• _EXERCISE DESCRIPTION_: Your task is to restate the listing word for word without the pictures.

• _SUPPLIED INFORMATION_:
○ ○ ○ ○ ○
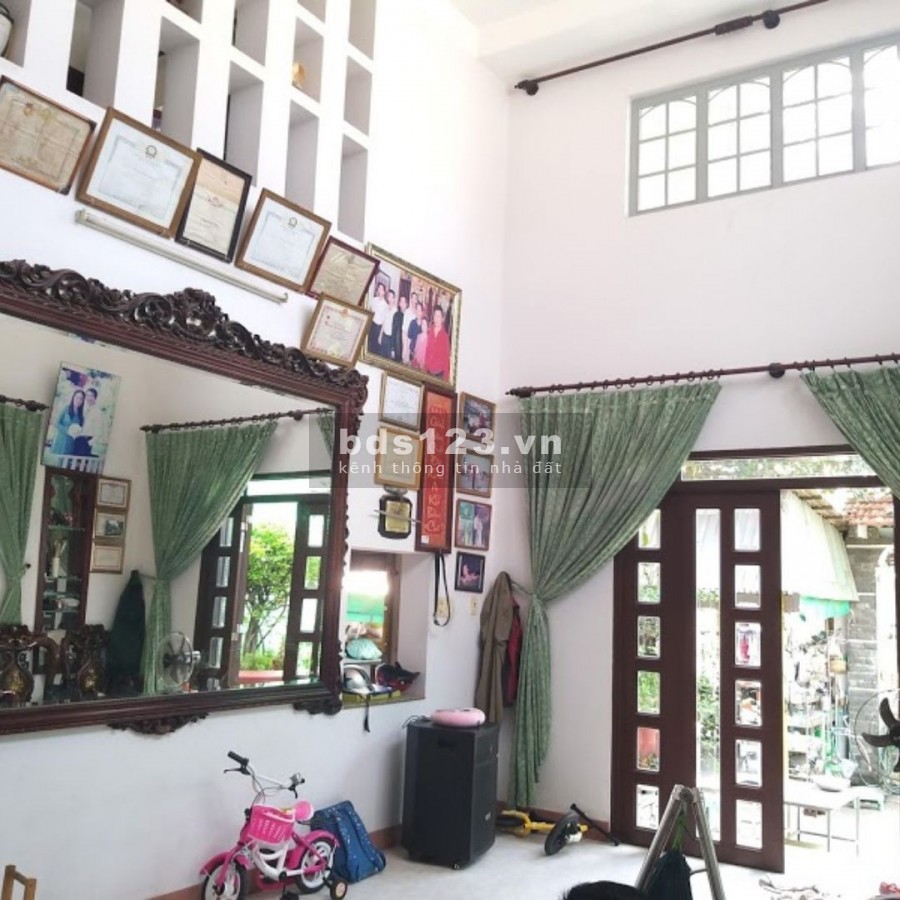Bán nhà chia tài sản 261m2 Lê Văn Thịnh Quận 2 giá chỉ 20 tỷ còn thương lượng
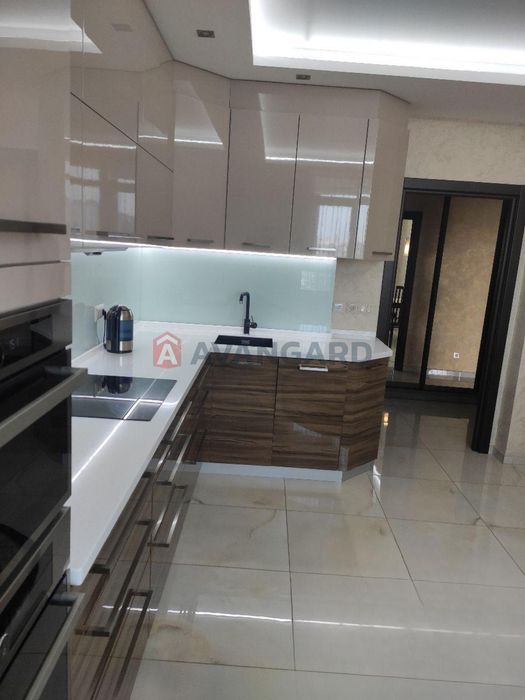 Продаж 2к квартира з дизайнерським ремонтом, пров Коломийський 17/31А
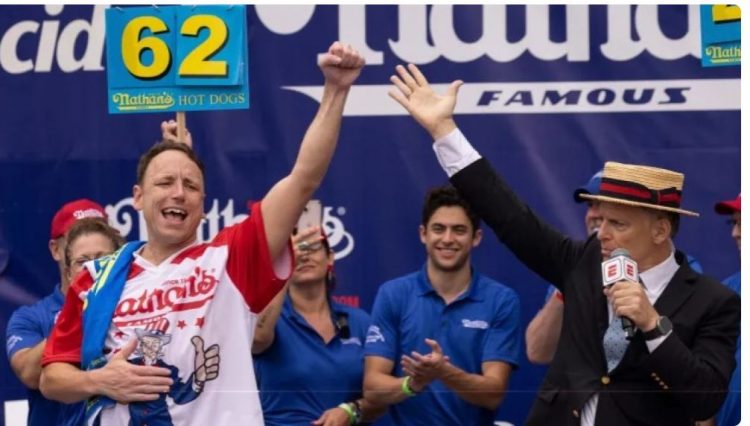 Llupësi më i madh në botë ha 62 hot dog në 10 minuta (VIDEO)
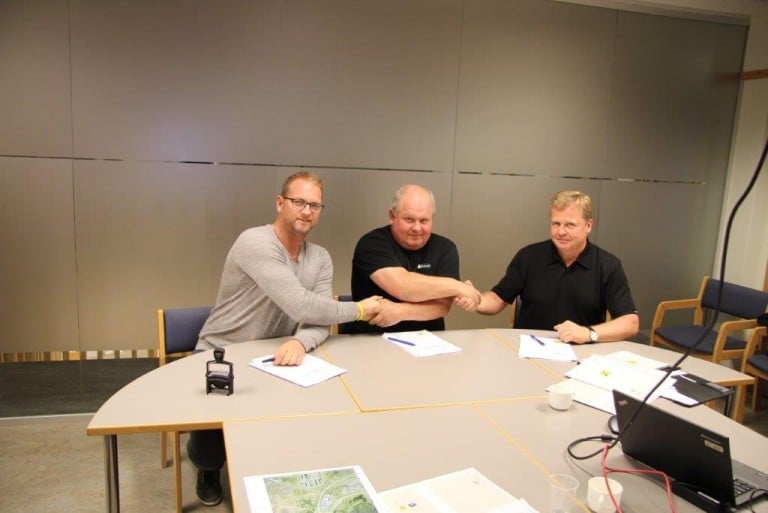 Fulltrúar Reykjanesbæjar, Ellerts Skúlasonar hf og Vegagerðarinnar við undirritun samningsins, ásam…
○ ○ ○ ○ ○
• _TASK RESULT_:
Bán nhà chia tài sản 261m2 Lê Văn Thịnh Quận 2 giá chỉ 20 tỷ còn thương lượng
 Продаж 2к квартира з дизайнерським ремонтом, пров Коломийський 17/31А
 Llupësi më i madh në botë ha 62 hot dog në 10 minuta (VIDEO)
 Fulltrúar Reykjanesbæjar, Ellerts Skúlasonar hf og Vegagerðarinnar við undirritun samningsins, ásam…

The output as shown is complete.